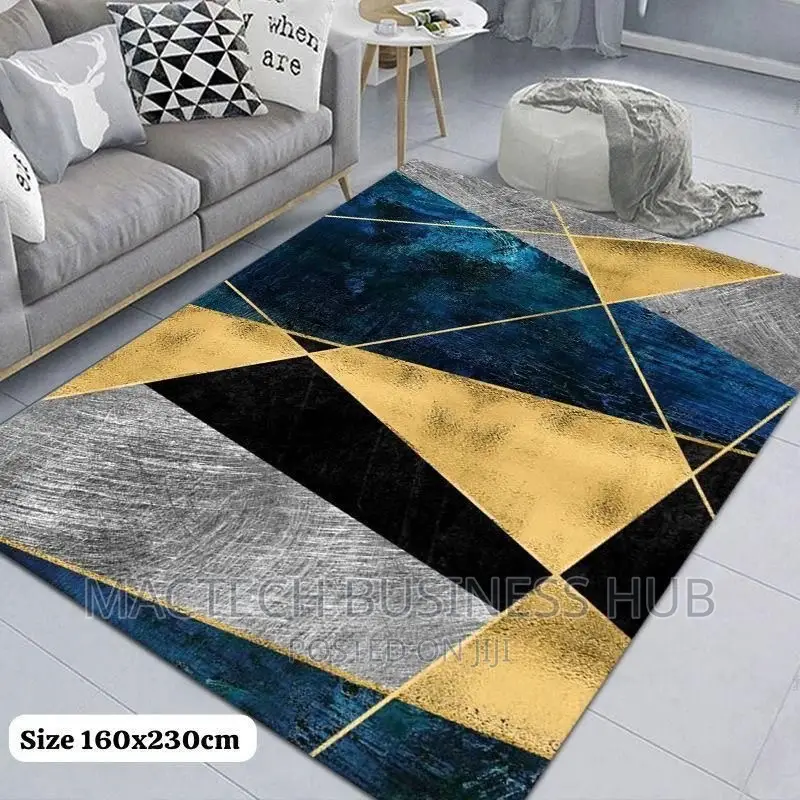 Centre Rugs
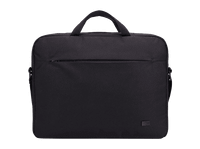 maletin para portatil - case-logic invigo para portatiles de hasta 156 poliester negro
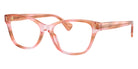 RALPH LAUREN RA7195U 6341 52 - Pink Havana Brown #id:ra7195u6341_s:112105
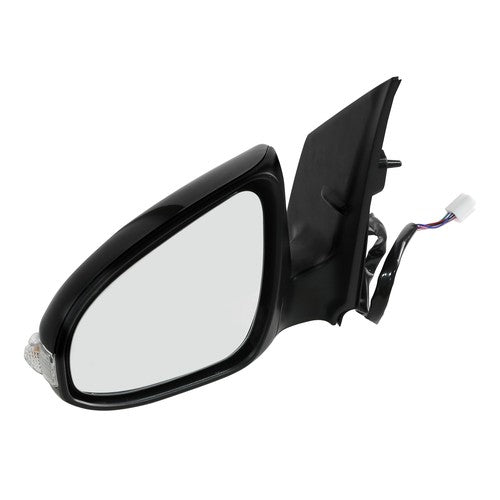 Mirror Power Heated w/Turn Signal Left Driver Side For Toyota Corolla 2014-2019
* * * * *
§ TASK BRIEF
From the first line of the material to the last, retype everything exactly except the images.

§ OUTPUT OF THE TASK
 Centre Rugs
 maletin para portatil - case-logic invigo para portatiles de hasta 156 poliester negro
 RALPH LAUREN RA7195U 6341 52 - Pink Havana Brown #id:ra7195u6341_s:112105
 Mirror Power Heated w/Turn Signal Left Driver Side For Toyota Corolla 2014-2019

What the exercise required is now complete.